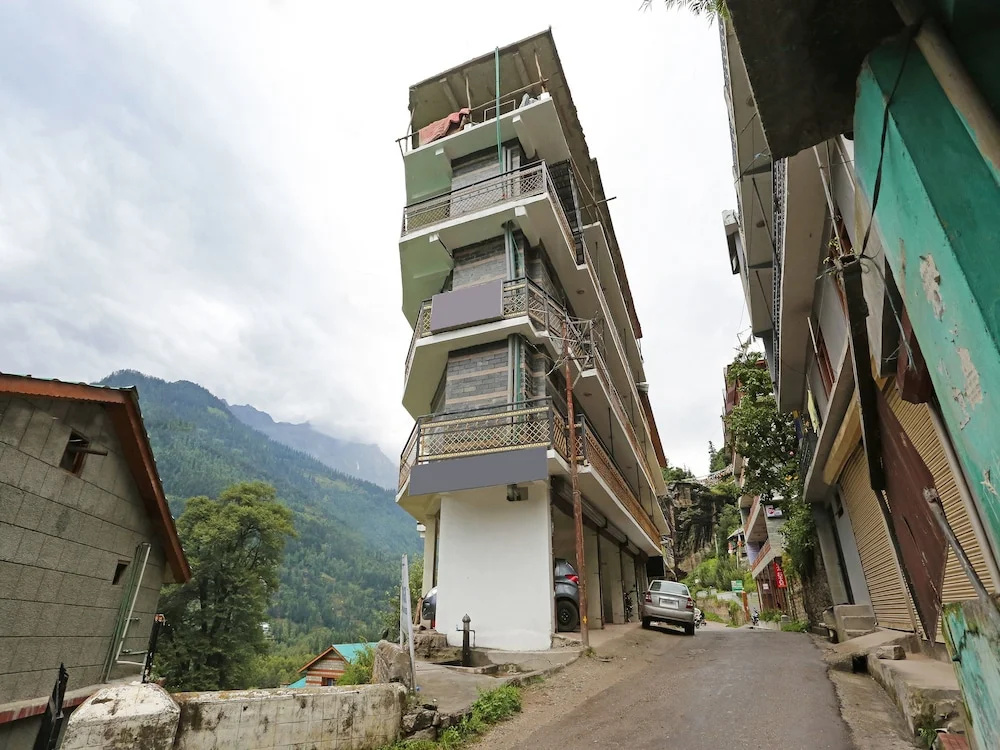 OYO 9486 Mahadev Cottage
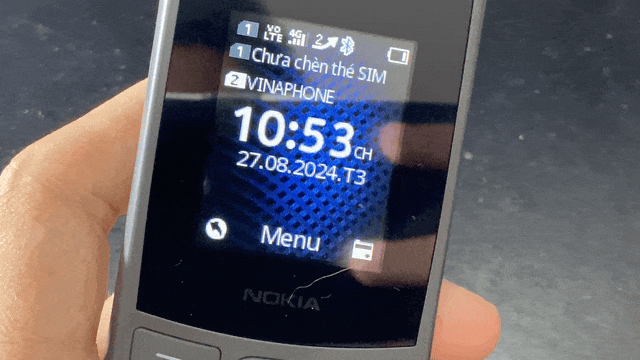 "Cục gạch 4G" Nokia mới v&agrave; iPhone 10 năm tuổi: Với v&agrave;i trăm ngh&igrave;n đồng, lựa chọn n&agrave;o trong thời điểm s&oacute;ng 2G sắp bị cắt?- Ảnh 12.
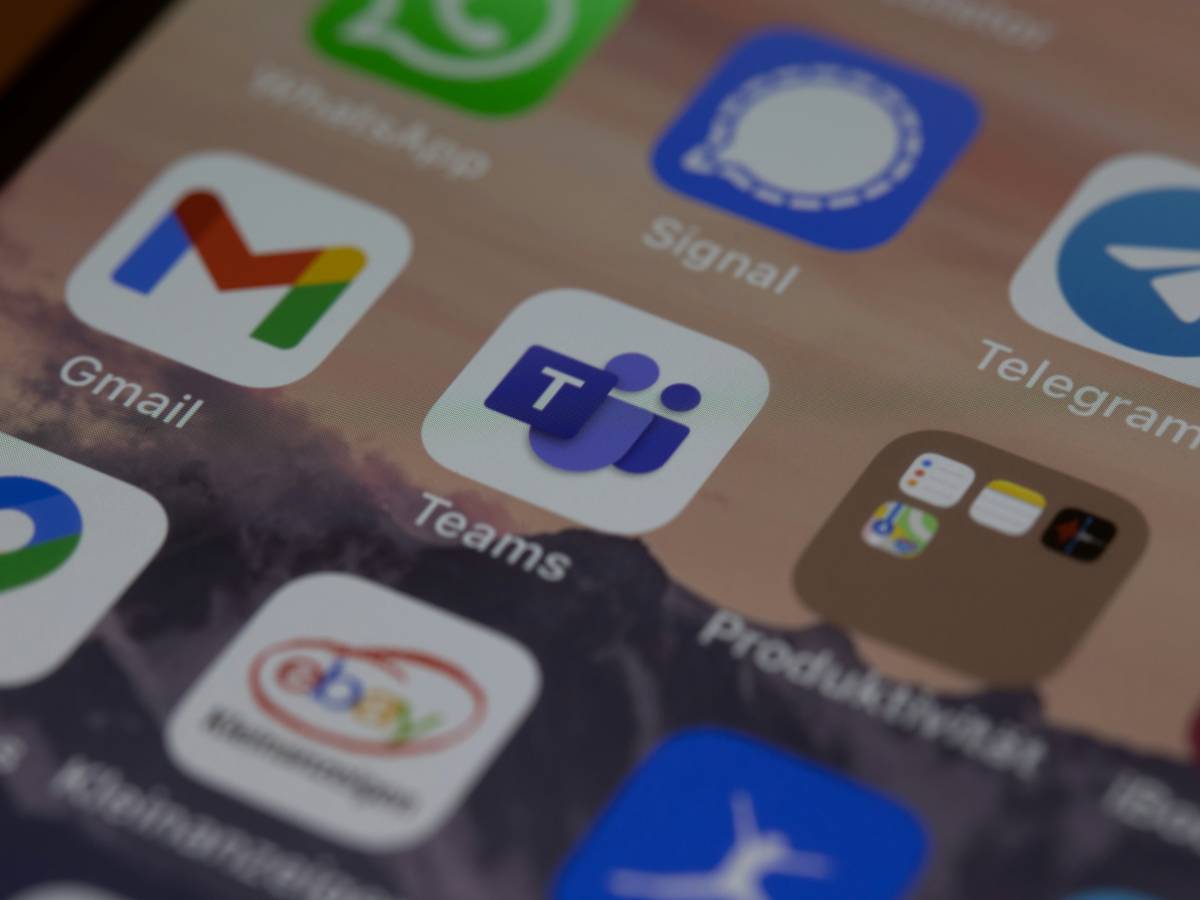 Microsoft Teams "spierà" i dipendenti: da dicembre segnalerà ai tuoi capi da dove lavori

■ ■ ■ ■ ■

→ **Task prompt**
The material must be returned exactly, with its pictures omitted.

→ **Written response**
 OYO 9486 Mahadev Cottage
 "Cục gạch 4G" Nokia mới v&agrave; iPhone 10 năm tuổi: Với v&agrave;i trăm ngh&igrave;n đồng, lựa chọn n&agrave;o trong thời điểm s&oacute;ng 2G sắp bị cắt?- Ảnh 12.
 Microsoft Teams "spierà" i dipendenti: da dicembre segnalerà ai tuoi capi da dove lavori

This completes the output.